In 2015, then-pharma executive Martin Shkreli made multiple headlines. The first was when he raised the cost of the HIV drug Daraprim, from $13.50 to $750 tablet. This was a price increase by an incredible 5,000 percent. People were justifiably mad, and maybe most of the common population of the country didn’t feel too bad for the man when he was sentenced to 7 years in prison due to securities fraud in 2018.
What makes Shkreli a story for music journalists around the world is the other headline he made in 2015. He bought the one of a kind, meaning the only copy in existence, Wu Tang album Once Upon A Time In Shaolin. Reportedly he bought the rare album for $2 million.
In a 2016 stunt, Shkreli then promised to release the album to the public, for free, if Trump won the 2016 election. Well, Trump won and Shkreli didn’t release anything from his rare private collection. He claims he couldn’t legally release the recordings. He ultimately recorded himself playing the album.

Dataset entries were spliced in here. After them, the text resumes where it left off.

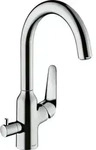 hansgrohe Focus M42 Einhebel-K&uuml;chenmischer 220, Ger&auml;teabsperrventil, 1-jet,...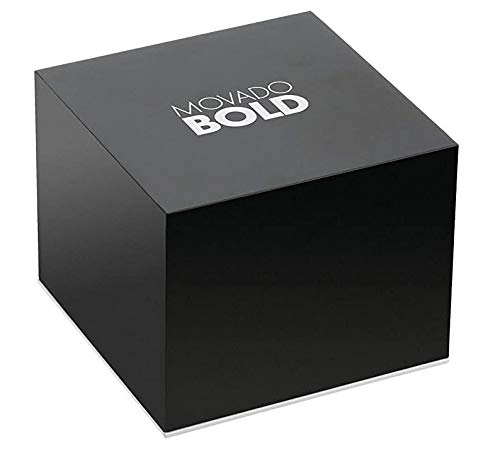 Movado Women's Swiss Quartz Watch with Stainless Steel Strap, Blue, 15 (Model: 3600706)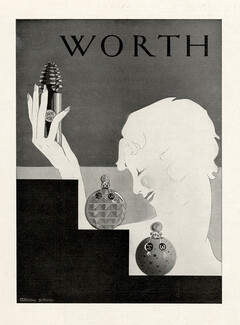 Worth (Perfumes) 1930 Germaine Berard, Dans La Nuit, Vers Le Jour, Sans Adieu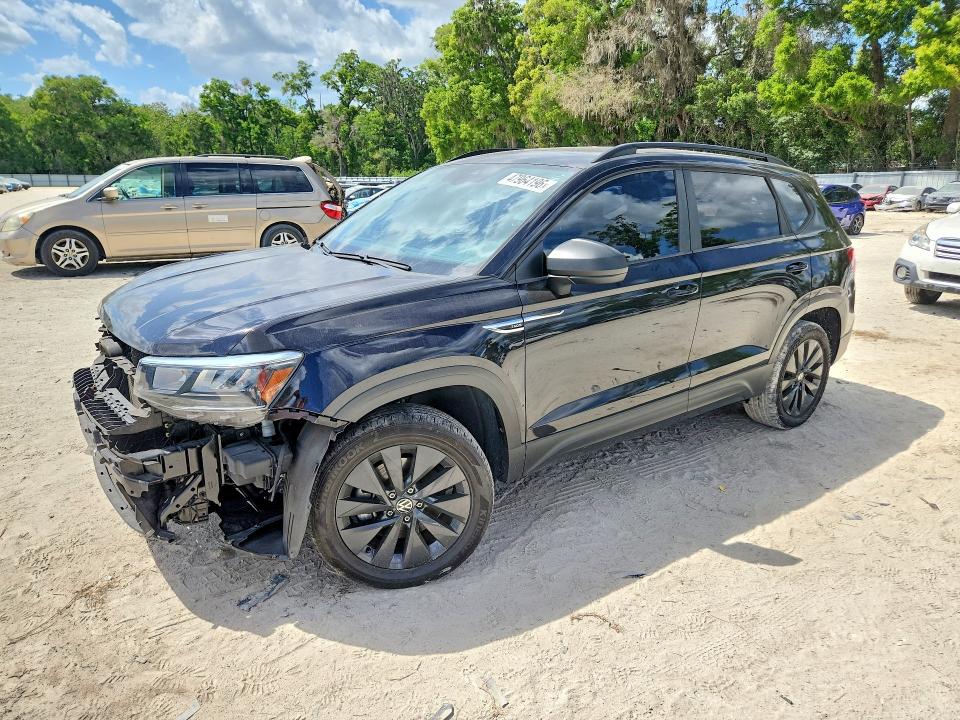 2022 Volkswagen Taos მანქანა იყიდება აუქციონზე, vin: 3VVDX7B20NM038418, აუქციონის ნომერი: 47964196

After being arrested, charged and convicted of securities fraud in 2018, the ruling ordered Shkreli to forfeit all valuable assets “in order to fulfill $7.36 million forfeiture judgment,” according to Pitchfork. This included the highly valuable LP by the hip hop group and a unique copy of Lil Wayne’s unfinished and never released album Tha Carter V. The albums then became government property and the fate of these ultra rare albums were unknown.
Now, 3 years after the court ruling, the government sold Once Upon A Time In Shaolin for an undisclosed amount of money to an anonymous buyer. Pitchfork explains that this was part of the contract with the buyer, that no specifics will be released.
Before his sentencing, the disgraced drug executive planned on selling the album himself and Wu Tang’s leader RZA actually planned on buying it once it would eBay, but a contract made during the initial sale prohibited the rapper from doing so.
RZA said in a 2015 statement, “The sale of ‘Once Upon a Time in Shaolin’ was agreed upon in May, well before Martin Shkreli’s [sic] business practices came to light. We decided to give a significant portion of the proceeds to charity.” He also compares the album sale with the sale of a Picasso painting, while they might be copies of the painting, this one person will always have the true original, which is also the case with the album.